2. Discount Rate - rate that FRS charges banks to borrow reserves. Currently at ________. Alternatively, banks can borrow at the fed funds rate (FFR) in the Federal Funds market, currently around ______. See page 443 for a graph of the FFR vs. Discount Rate.
If the Fed lowers the discount rate, it would be expansionary because it would be less costly to borrow reserves. If the Fed raises the discount rate, it would be contractionary because it would be more expensive to borrow from the Fed. Banks would more willing to hold excess reserves to avoid high borrowing costs.
3. Open Market Operations (OMO)- Buying and selling Treasury securities to increase or decrease the MS. When the Fed buys a Tbill in an OMO, it puts new money into the banking system and increases the MS. You give the FRS a Tbill and they issue you a check on funds that didn't exist before, the "magic checkbook."

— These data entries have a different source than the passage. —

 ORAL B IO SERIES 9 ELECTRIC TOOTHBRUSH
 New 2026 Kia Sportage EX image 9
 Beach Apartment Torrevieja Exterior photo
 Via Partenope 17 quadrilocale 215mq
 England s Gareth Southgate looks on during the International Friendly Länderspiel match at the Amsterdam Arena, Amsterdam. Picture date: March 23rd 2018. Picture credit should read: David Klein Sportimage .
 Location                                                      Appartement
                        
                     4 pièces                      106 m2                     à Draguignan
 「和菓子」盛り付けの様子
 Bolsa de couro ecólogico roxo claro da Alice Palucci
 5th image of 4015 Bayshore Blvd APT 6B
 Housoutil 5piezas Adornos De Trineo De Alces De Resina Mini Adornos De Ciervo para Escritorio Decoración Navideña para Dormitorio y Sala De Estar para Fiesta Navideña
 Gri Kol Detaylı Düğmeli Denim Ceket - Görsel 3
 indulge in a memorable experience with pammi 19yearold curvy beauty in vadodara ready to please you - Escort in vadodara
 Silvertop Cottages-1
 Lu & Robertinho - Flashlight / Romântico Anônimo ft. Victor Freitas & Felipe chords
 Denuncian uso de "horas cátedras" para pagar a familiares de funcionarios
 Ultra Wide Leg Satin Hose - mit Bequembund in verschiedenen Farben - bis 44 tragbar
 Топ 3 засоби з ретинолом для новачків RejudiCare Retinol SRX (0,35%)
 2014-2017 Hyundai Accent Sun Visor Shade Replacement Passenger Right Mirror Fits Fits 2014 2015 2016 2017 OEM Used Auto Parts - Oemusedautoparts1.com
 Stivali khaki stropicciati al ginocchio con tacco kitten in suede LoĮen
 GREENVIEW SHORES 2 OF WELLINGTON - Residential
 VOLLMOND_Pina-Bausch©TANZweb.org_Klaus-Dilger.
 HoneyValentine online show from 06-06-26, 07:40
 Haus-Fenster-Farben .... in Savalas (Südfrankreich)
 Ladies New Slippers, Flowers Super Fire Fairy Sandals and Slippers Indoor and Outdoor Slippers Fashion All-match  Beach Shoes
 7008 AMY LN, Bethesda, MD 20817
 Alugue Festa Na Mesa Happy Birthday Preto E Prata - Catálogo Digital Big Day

When the Fed sells a Tbill, the FRS gives you a Tbill, you give them a check. When the check clears, the reserves of the banking system are reduced, and the MS decreases or contracts.
Buying Tbills, lowering RR and lowering the discount rate
Selling Tbills, raising RR and raising the discount rate are CONTRACTIONARY.
On net, the MS is increasing over time (see graph p. 10),
so the Fed is typically implementing expansionary monetary policy.
IMPORTANT ISSUE: INDEPENDENCE OF THE CENTRAL BANK
FRB/Central Bank is supposed to have some degree of independence, meaning that it can carry out monetary policy independently from the influence of Congress or the President (elected officials), or Parliament/Prime Minister. To be most effective, central banks should be free from political influence. Why???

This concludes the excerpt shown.